72 Tahun Sudah Umurku

19.39


*72 Tahun Sudah Umurku*
Oleh: Remy Hastian
            Aku dilahirkan sangat susah payah. Lahir dari rahim para pejuang, sel telur dari para budak dan buruh yang dulu dicampakkan. Organisasi Pergerakan Nasional, yaitu Budi Utomo, Sarekat Islam, Indische Partij_, _Indische Vereniging_, PNI dan PPPKI (Pemufakatan Perhimpunan-Perhimpunan Politik Kebangsaan Indonesia). Maupun Organisasi Islam yang menjadi penggerak wadah mujahid. Macam, Muhammadiyah, Al-Irsyad, Nahdatul Ulama dll.

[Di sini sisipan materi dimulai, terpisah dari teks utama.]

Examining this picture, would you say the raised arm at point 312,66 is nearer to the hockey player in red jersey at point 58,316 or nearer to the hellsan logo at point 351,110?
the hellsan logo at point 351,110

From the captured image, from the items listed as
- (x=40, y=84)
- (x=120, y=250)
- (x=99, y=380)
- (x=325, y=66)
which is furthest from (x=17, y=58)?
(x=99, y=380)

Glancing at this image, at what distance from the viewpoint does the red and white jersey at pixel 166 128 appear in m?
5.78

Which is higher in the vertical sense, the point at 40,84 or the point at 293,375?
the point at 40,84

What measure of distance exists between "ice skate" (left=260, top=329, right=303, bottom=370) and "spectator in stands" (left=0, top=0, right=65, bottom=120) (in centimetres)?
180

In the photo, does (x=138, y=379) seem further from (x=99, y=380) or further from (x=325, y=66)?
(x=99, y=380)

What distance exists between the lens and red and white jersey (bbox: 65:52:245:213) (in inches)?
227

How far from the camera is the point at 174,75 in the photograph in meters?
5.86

Maupun para organisasi lain, merekalah yang merencanakan jauh hari untuk diriku siap lahir di dunia.
            10 hari sebelum aku dilahirkan. Pada tanggal 7 Agustus 1945, dibentuk panitia persiapan kemerdekaan Indonesia (PPKI). Dari situlah, harapan aku lahir muncul. Dan pada 2 hari berselang. Tanggal 9 Agustus, Jendral Terauci, panglima tentara Jepang di Saigon, memanggil Ir. Soekarno, Drs. M. Hatta dan Drs. Radjiman Widiodiningrat untuk membicarakan tentang proklamasi  kemerdekaan.

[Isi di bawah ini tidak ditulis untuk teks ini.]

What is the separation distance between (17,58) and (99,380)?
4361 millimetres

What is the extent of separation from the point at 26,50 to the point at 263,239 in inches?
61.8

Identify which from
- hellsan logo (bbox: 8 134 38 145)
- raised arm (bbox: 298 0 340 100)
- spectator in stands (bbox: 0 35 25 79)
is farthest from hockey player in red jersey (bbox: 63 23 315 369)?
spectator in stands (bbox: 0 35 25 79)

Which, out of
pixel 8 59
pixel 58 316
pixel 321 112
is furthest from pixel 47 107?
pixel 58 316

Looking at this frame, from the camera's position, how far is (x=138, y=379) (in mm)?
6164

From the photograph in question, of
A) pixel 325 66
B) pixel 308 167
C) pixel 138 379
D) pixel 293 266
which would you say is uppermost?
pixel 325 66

            Hingga 24 jam menjelang kelahiran-ku ini, Para tokoh muda dan tua 'berseteru' untuk mengambil keputusan yang diambil dalam me-refleksikan kekosongan kekuasaan karena Jepang menyerah tanpa syarat kepada sekutu. Dibawalah Soekarno dan Hatta ke Rangasdengklok dengan maksud menjauhkan kedua tokoh tersebut dari pengaruh Jepang. Atas jaminan Ahmad Subardjo, Soekarno dan Hatta kembali ke Jakarta.
            Detik-detik kelahiranku. Dirumah Laksamana Tadashi Maeda, di Jalan Imam Bonjol No: 1 Jakarta. Perumusan naskah proklamasi itu dibuat. Dengan Soekarno sebagai penulis, Hatta dan Subardjo sebagai penyumbang pikiran secara lisan. Tepat, pada pukul 10.00 pagi 17 Agustus 1945, Proklamasi dibacakan, naskah keramat yang menjadi saksi para pejuang bangsa untuk menegakkan kemerdekaan walau sudah sekarat. Dikibarkan bendera merah diatas putih dengan pengibar bijaksana, Latief Hendradiningrat dan Suhud Sastro Kusumo dan jahitan lembut seorang bidadari nasionalis dari Bengkulu, Ibu Fatmawati.
            Akhirnya diri ku lahir. Tangisan haru mengairi Sabang hingga Marauke. Mendengar diriku lahir, semuanya bersuka cita, tanda perjuangan dan pengorbanan telah menunjukkan hasilnya. Orang mengenalku dengan simbol merah diatas putih. Diambil dari bendera Majapahit pada abad ke-13 yang terdiri dari sembilan warna merah dan putih yang tersusun secara bergantian. Mengenal tanda kasih, jika perjuangan rakyat dalam proses melahirkan ku, tidak lain dengan semangat keberanian dan kesucian.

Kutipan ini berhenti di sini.